Yes, Amy Speace is another girl with a guitar. But on The Killer in Me, she proves that she’s more than fierce enough to rock the scowl that she bares on the album’s front cover. While there aren’t any surprises when it comes to the instrumentation or song structure, Speace maximizes traditional elements to blend her songs into a good variety, all of which are carried by her strong voice. Further, she manages to concoct a persona equal parts innocence and experience through the varied subject matter and her delivery of it. She doesn’t entirely transcend all the pitfalls that come with the folk-pop genre territory, but she does a good job keeping your ears distracted from them.

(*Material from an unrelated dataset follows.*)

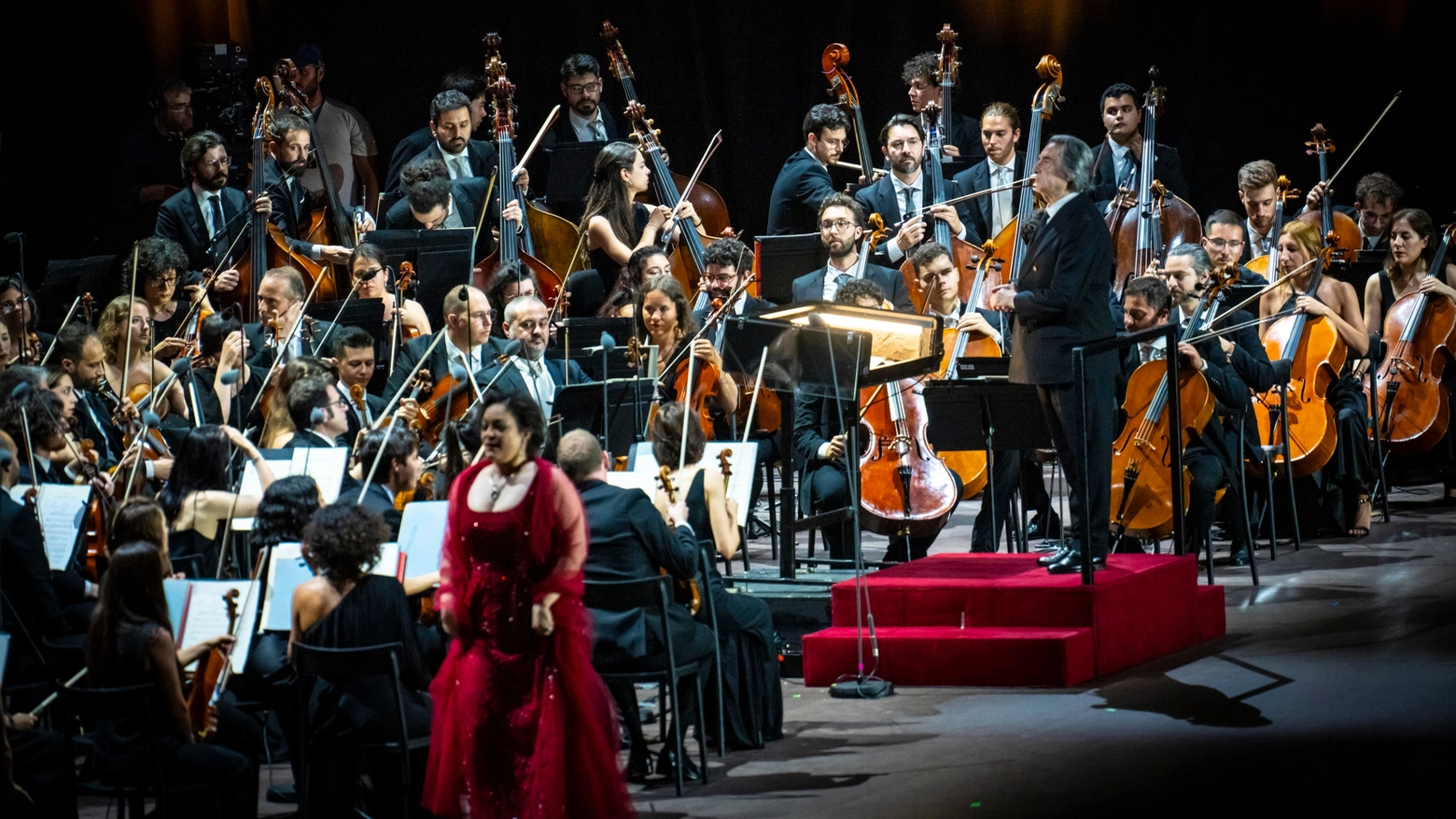 Lucca, grande successo per il concerto che Riccardo Muti ha dedicato a Giacomo Puccini, nell'anno delle celebrazioni per il centenario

Speace’s voice is a definite highlight of the album. Her natural voice has a folk-pop duskiness to it like Brandi Carlisle’s, but Speace wields her voice like an instrument, letting it take on a variety of sounds throughout the album. It never sounds weak or thin, but she has some lovely moments of vulnerability, such as in “Haven’t Learned a Thing”. “Better” displays more of a contemporary country sound, and “Blue Horizon” evokes more classic folksingers like Nanci Griffith. She uses her voice with equal strength and flexibility no matter what the nature of the music—both the blues-inflected “Would I Lie” and the old-timey “I Met My Love” are delivered with panache and elegance.

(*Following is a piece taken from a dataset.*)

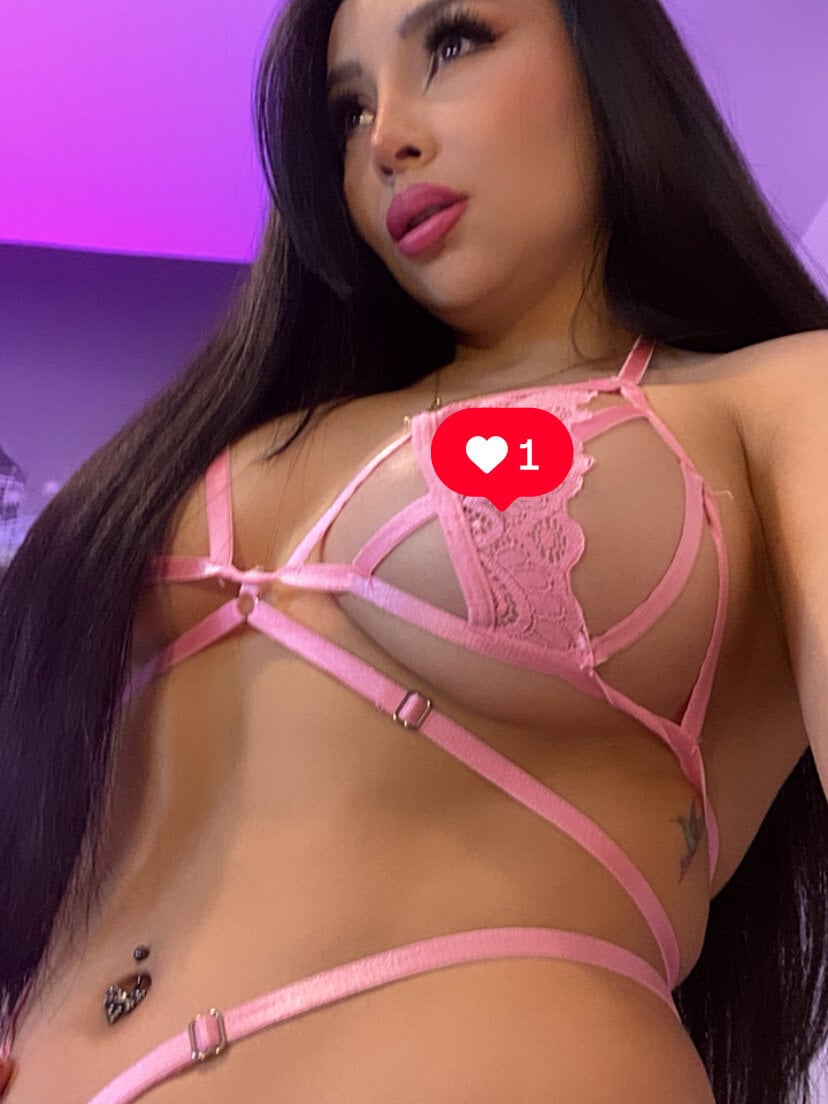 KateLatorre 🤦 live naked chat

For a strong songwriter like Speace, it’s disappointing that her lyrical themes are so familiar. Within contemporary folk, there are certain staples that most mid-grade artists deliver: there’s the “what have I learned” song, the “sometimes it’s this and sometimes it’s that” song, to name two. Speace does a winning job of the “what have I learned” song with “Haven’t Learned a Thing”, but the idea of a long exploration only to end up nowhere has worn thin in folk music. Similarly, “This Love” is sometimes trite and sometimes hackneyed but never the best that a songwriter like Speace can do.

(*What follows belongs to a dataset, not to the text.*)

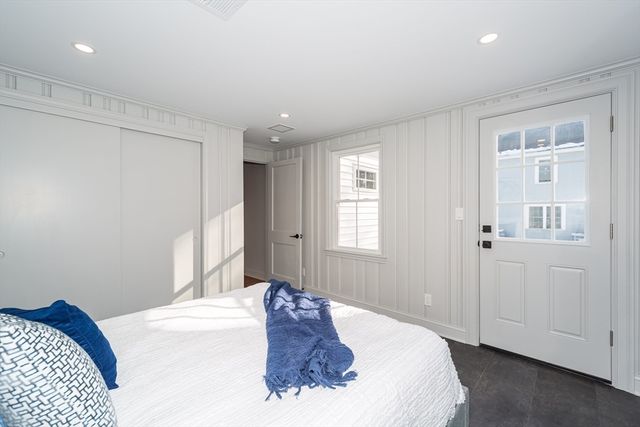 12 Bay State Rd, Natick, MA 01760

Don’t be fooled by these flaws, though. Speace’s songwriting is generally high above par, both lyrically and musically. The first track, “Dog Days”, is a song of innocence with an impossibly catchy chorus. The other songs move through various musical terrains—blues, country, and folk-pop are all here—and myriad subject themes, all of which touch on existential themes such as loss, death, and love. She deals with all of them deftly: “if I die before my mother / let me fly beyond the blue / and paint the moon the color of her eyes”, she sings on “Blue Horizon”. “You stood there like a stoic / you made me feel so claustrophic” goes one incisive couplet from “Haven’t Learned a Thing”. One of the most beautiful of her songwriting choices is instrumental; “Storm Warning” ends with a minute and a half of fingerpicked guitar and minimal percussion, as Speace adds ambient backing vocals that gently build to the song’s ecstatic finish.